Handling errors while deploying Kubernetes cluster on VM cluster with Calico network
My labmate (선배님) and I are trying to install Kubernetes for research. And we decided to first install it on a Virtual box machines cluster.
Virtual Box Machine cluster
First of all, we created a cluster in Virtual Box application. It includes a master node and 2 slave nodes. They are all running on Ubuntu 18.04. We use a network interface for local connect and a network interface to access to the Internet. My labmate helped me to create so I do not know well, actually.
Install kubeadm toolbox
You can find a comprehensive guide to install kubeadm
provided by official kubernetes website here. Hence I will only mention some steps and errors which I encountered.
To eliminate as many errors as possible, I recommend you to check the requirement carefully provided on the website.
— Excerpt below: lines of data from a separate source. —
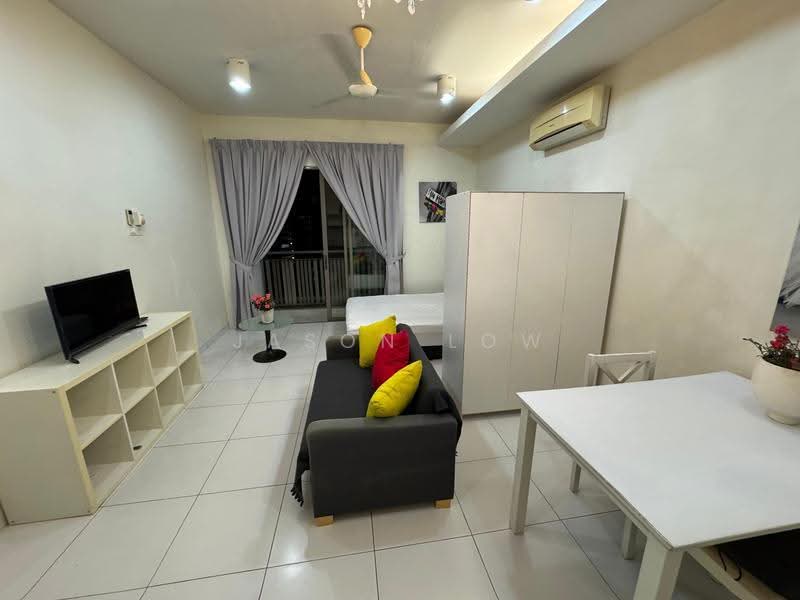 Condominium for Rent at Neo Damansara - Jason Low - Living Room - PropertyGuru.com.my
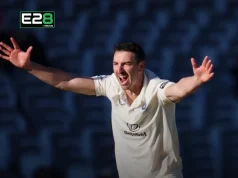 Roland-Jones Leads Middlesex to Dominant Innings Victory Roland-Jones Middlesex Dominates at Lord's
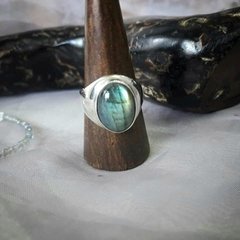 Imagen de Anillo Suzette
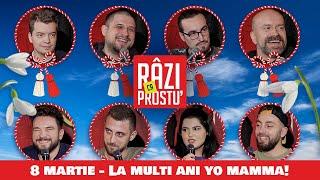 Râzi ca Prostu' - Episodul 41 Yo Mamma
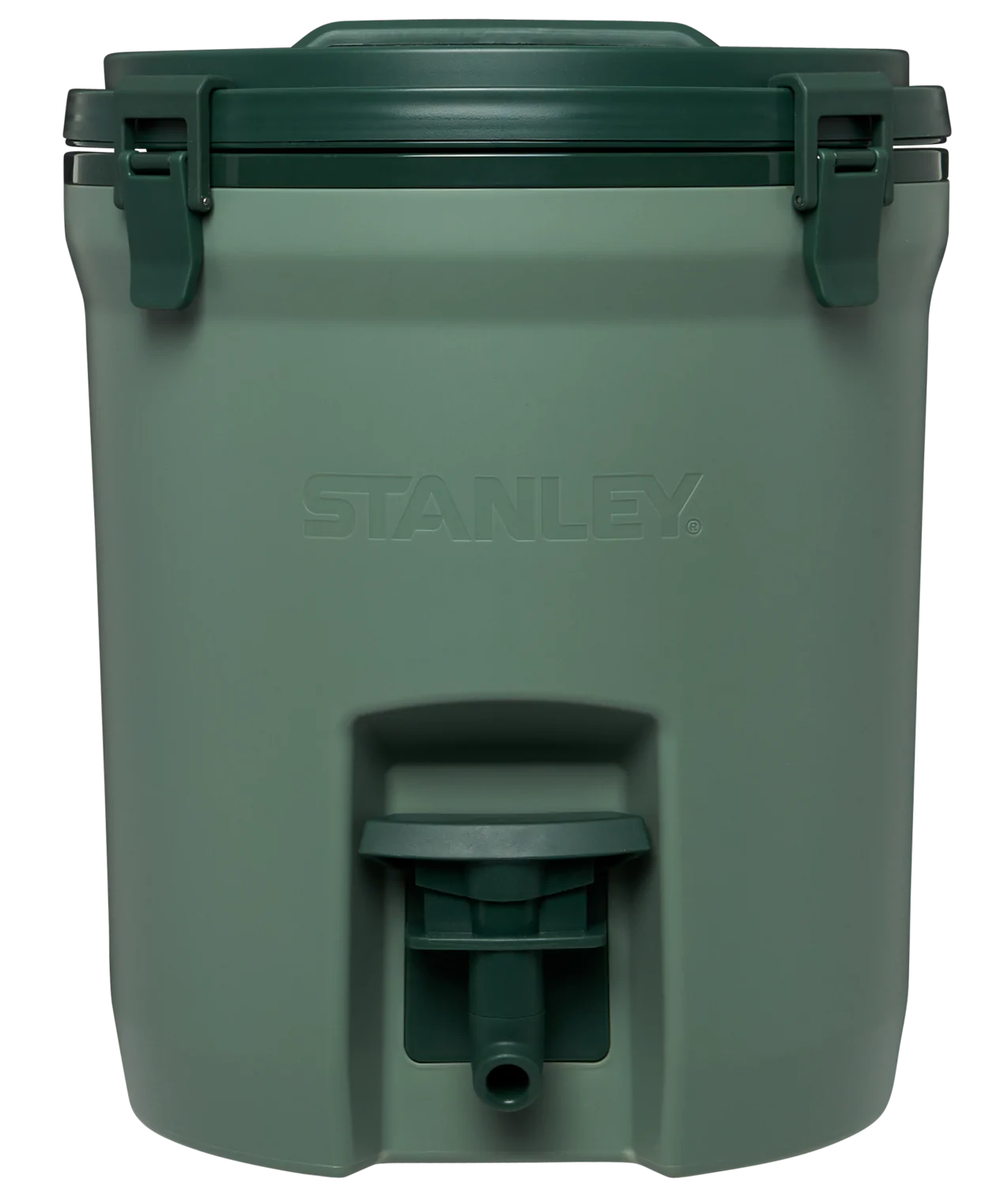 Stanley Adventure 1 Gallon Water Jug - Green
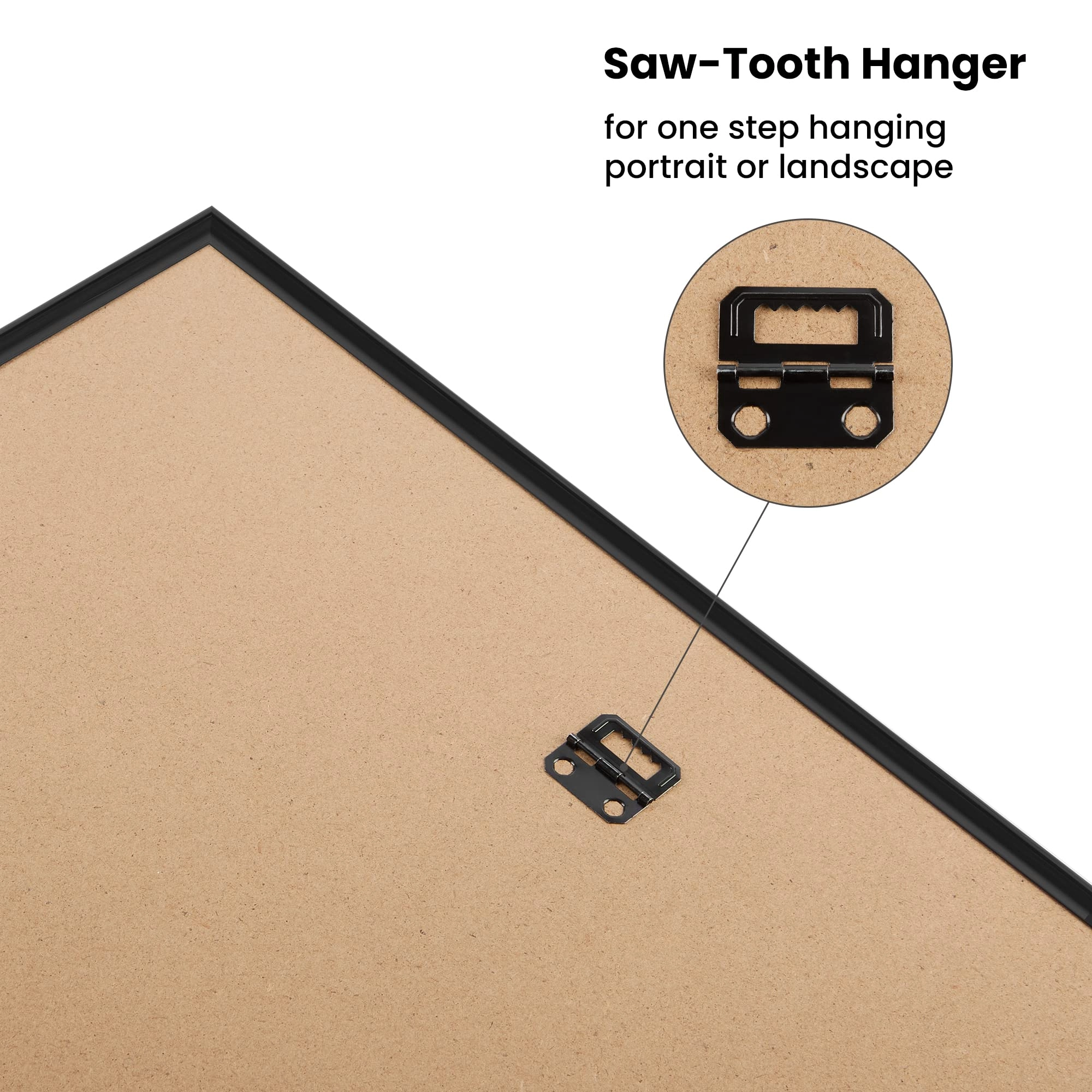 Poster Frame - 20x30 3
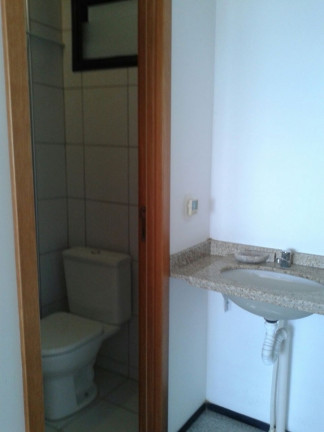 Imagem Apartamento com 1 Quarto à Venda, 38 m² em Ponta Negra - Natal Imagem Apartamento com 1 Quarto à Venda, 38 m² em Ponta Negra - Natal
Also, make sure the internet connection among nodes, between each node and the internet, the certificates.
Install kubeadm, kubelet and kubectl
We will install these packages on all of the machines:
kubeadm
: the command to bootstrap the cluster.kubelet
: the component that runs on all of the machines in your cluster and does things like starting pods and containers.kubectl
: the command line util to talk to your cluster.kubernetes-cni
: Kubernetes uses CNI (Container Network Interface) as an interface between network providers and Kubernetes networking.
No valid OpenPGP data found
We start by adding key using the commands:
$ curl -s https://packages.cloud.google.com/apt/doc/apt-key.gpg | sudo apt-key add -
Sometimes, this command shows the error:
gpg: no valid OpenPGP data found
We can try with wget
and --no-check-certificate
to download the apt-key.gpg
file and add the key file separately.
$ wget --no-check-certificate https://packages.cloud.google.com/apt/doc/apt-key.gpg
$ sudo apt-key add apt-key.gpg
Update repositories issue
We need to add software repositories (sources) to download and install necessary packages for the computers.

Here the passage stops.